Middletown Burn, Culvacullion TownlandTyrone
Summary Full report
Site Type: Stream section
Site Status: ESCR
Council area: Fermanagh & Omagh District Council
Grid Reference: H4987
Bing maps: 54.72906,-7.23941
Google maps: 54.72906,-7.23941
Rocks
Rock Age: Carboniferous (Tournasian)
Rock Name: Omagh Sandstone Group
Rock Type: Algal limestone, Limestone, Mudstone, Sand, Sandstone
Interest
Fossil Groups: Miospore, Miospores
Other interest: cross-bedding, dessication cracks, Deltaic sediments, Lacustrine sediments
Summary of site:
2 km north of Gortin there is an area of around 25 sq km of grey-green sandstones with purple-red and grey blocky mudstones standing unconformably (with a time break) and in isolation on the ancient Dalradian basement rocks of the area. Minor constituents are limestones with colonies of calcareous alg'. The best succession is seen in Middletown Burn on the south side of Slievebeg.
These rocks have been allocated to the Omagh Sandstone Group of the Carboniferous period and are generally described as the Newtownstewart Outlier. They are unlike the typical marine Omagh Sandstone Group rocks because they appear to be entirely terrestrial lake deposits and they have a thickness of between 1,200 to 1,500 m, considerably thicker than their marine equivalents. Another curiosity is their lack of a basal conglomerate or similar deposit.
While there are no marine fossils, samples of the grey, blocky mudstone have yielded plant spores of over 20 species which, together, indicate a very early Carboniferous date. They belong to the late Tournaisian, the first epoch of the period, formed around 360 million years ago.
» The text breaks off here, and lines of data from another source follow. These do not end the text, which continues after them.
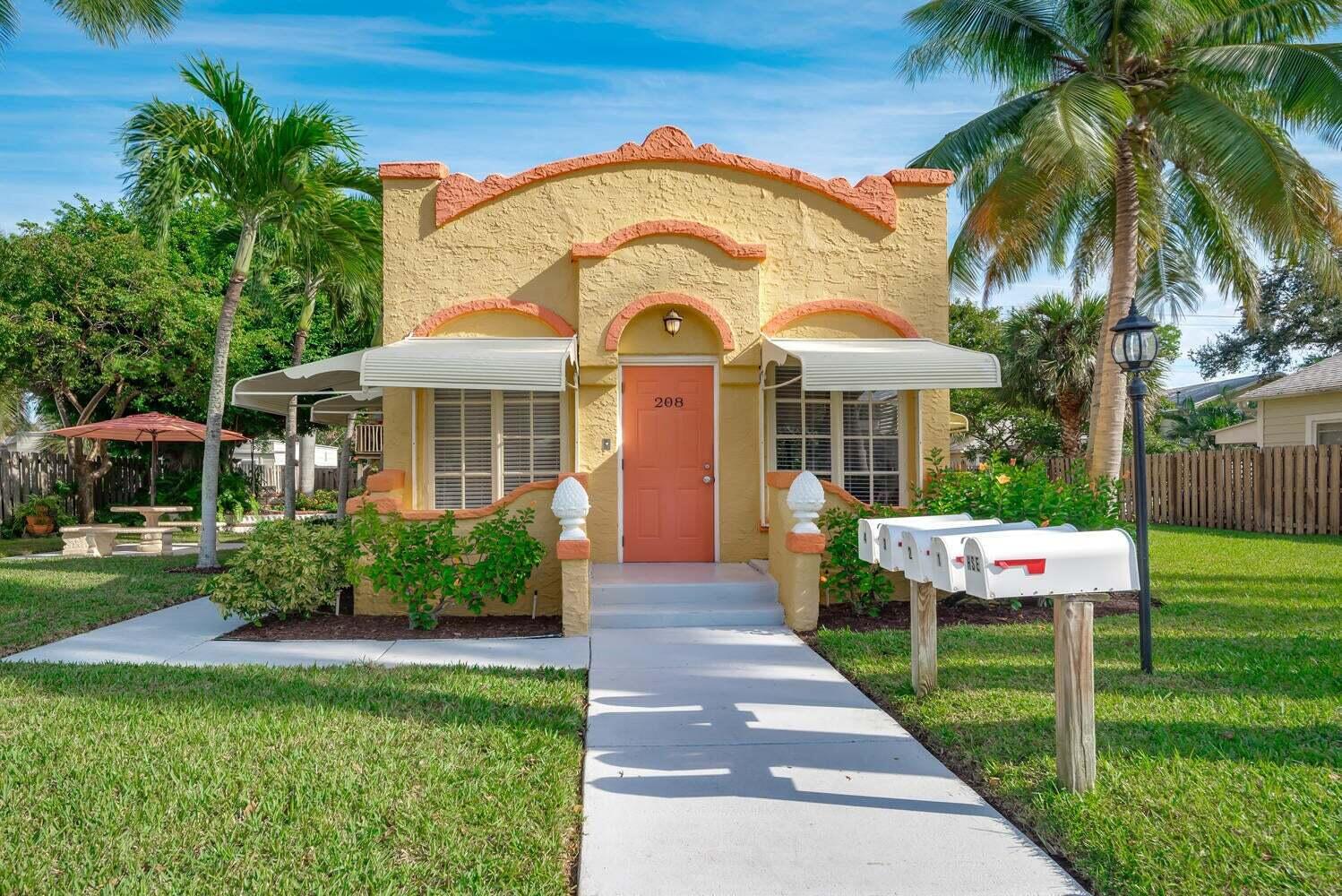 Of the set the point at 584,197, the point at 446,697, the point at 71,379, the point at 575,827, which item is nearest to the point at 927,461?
the point at 584,197

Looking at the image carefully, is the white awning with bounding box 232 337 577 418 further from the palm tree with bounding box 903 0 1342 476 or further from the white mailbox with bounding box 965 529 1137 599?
the palm tree with bounding box 903 0 1342 476

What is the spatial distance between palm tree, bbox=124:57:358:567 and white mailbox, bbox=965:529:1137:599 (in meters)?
10.6

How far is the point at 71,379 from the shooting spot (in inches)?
760

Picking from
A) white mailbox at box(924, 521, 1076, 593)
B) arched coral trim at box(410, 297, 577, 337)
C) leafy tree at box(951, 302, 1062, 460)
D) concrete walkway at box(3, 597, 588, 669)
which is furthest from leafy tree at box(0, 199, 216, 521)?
leafy tree at box(951, 302, 1062, 460)

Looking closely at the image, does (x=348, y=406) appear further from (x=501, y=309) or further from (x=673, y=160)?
(x=673, y=160)

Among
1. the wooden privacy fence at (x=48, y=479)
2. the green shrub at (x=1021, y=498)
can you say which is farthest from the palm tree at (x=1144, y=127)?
the wooden privacy fence at (x=48, y=479)

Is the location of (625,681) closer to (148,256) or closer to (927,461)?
(927,461)

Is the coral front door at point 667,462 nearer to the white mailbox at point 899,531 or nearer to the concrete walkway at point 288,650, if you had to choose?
the concrete walkway at point 288,650

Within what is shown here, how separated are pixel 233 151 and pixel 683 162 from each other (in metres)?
5.99

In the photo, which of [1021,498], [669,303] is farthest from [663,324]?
[1021,498]

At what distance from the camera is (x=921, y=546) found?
16.2 ft

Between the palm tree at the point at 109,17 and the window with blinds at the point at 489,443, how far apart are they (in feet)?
21.6

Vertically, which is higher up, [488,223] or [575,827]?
[488,223]

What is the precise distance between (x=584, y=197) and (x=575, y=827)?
798 centimetres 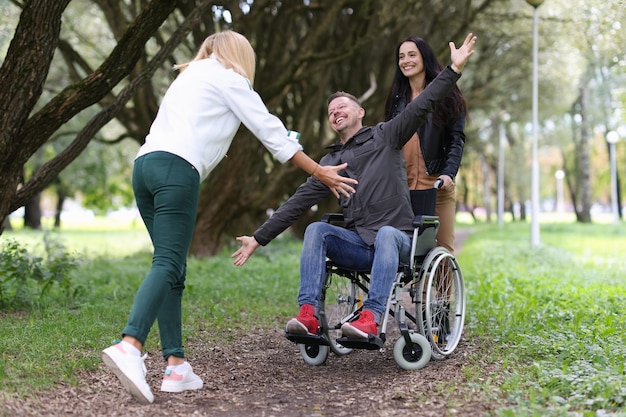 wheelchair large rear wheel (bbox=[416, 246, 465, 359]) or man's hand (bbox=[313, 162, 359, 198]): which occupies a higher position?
man's hand (bbox=[313, 162, 359, 198])

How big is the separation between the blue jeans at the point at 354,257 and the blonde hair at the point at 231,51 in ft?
Result: 3.65

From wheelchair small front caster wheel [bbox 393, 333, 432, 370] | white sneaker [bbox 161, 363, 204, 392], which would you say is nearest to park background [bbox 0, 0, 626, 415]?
wheelchair small front caster wheel [bbox 393, 333, 432, 370]

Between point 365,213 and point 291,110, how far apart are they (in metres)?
12.7

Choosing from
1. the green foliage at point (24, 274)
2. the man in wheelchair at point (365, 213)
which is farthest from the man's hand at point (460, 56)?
the green foliage at point (24, 274)

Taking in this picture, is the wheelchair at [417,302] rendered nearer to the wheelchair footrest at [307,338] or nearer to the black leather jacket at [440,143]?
the wheelchair footrest at [307,338]

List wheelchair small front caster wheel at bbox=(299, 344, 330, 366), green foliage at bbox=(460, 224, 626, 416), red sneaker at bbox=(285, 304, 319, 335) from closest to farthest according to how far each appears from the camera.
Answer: green foliage at bbox=(460, 224, 626, 416) < red sneaker at bbox=(285, 304, 319, 335) < wheelchair small front caster wheel at bbox=(299, 344, 330, 366)

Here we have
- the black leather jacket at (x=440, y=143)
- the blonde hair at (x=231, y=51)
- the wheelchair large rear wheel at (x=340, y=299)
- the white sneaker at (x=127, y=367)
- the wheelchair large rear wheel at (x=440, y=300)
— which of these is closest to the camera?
the white sneaker at (x=127, y=367)

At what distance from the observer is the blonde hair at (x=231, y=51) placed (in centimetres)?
421

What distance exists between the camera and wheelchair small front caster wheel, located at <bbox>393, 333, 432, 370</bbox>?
4.77 metres

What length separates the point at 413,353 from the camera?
4848mm

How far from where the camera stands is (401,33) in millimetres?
16750

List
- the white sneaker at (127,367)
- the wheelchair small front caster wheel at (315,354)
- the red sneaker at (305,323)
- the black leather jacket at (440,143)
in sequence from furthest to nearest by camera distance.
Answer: the black leather jacket at (440,143), the wheelchair small front caster wheel at (315,354), the red sneaker at (305,323), the white sneaker at (127,367)

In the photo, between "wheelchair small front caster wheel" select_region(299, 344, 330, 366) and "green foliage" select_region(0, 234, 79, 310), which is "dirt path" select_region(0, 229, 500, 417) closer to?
"wheelchair small front caster wheel" select_region(299, 344, 330, 366)

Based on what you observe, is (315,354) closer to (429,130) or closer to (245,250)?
(245,250) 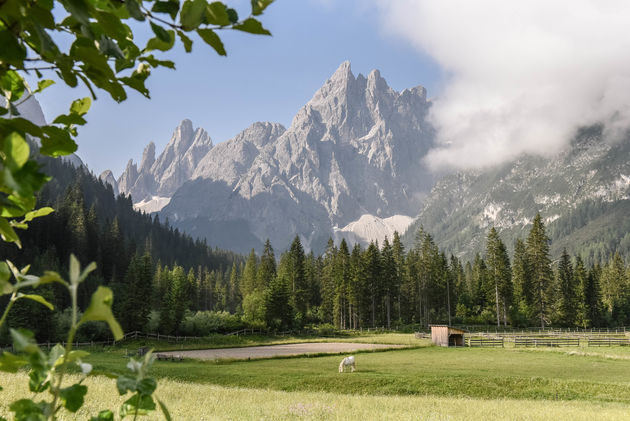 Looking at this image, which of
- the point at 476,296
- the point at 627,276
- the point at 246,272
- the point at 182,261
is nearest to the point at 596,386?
the point at 476,296

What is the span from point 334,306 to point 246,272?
22201mm

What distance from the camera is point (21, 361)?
97cm

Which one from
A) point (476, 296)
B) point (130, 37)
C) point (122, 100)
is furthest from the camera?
point (476, 296)

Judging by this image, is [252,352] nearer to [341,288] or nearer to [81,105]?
[341,288]

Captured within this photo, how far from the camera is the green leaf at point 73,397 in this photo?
39.5 inches

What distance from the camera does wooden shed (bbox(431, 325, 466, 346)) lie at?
50.2 meters

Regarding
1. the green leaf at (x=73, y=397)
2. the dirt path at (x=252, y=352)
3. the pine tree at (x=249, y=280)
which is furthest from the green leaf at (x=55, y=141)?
the pine tree at (x=249, y=280)

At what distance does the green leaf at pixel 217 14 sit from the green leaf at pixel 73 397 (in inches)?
35.3

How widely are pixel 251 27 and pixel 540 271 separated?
9056cm

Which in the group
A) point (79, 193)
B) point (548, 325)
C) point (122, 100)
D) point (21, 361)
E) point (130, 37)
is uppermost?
point (79, 193)

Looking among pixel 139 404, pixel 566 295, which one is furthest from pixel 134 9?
pixel 566 295

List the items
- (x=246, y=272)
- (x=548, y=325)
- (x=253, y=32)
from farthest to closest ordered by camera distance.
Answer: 1. (x=246, y=272)
2. (x=548, y=325)
3. (x=253, y=32)

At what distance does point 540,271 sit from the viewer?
266 feet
The only explanation for such a thickness of lake sediments so far advanced is that they formed in a land-locked basin subsiding between faults. Structures in the sediments suggest a supply of sediment from the south. Thick sequences of late Tournaisian terrestrial sediments are unknown elsewhere in Ireland either onshore or on the continental shelf but there are almost identical thick sequences of similar age in Nova Scotia on the Canadian eastern seaboard. A reconstruction of the geography of the Tournaisian shows both Canada and Ireland shared the same continent, Laurentia, in a similar adjacent positions inland of the sea. It has been suggested that a more appropriate name for the sandstones would be the name applied to their Canadian equivalents, the Horton Group, but this would mean stretching the conventions of formation naming a little too far.
Since the Middletown Burn section is the best in the outlier it should be offered protection to ensure its continuing availability for teaching and research.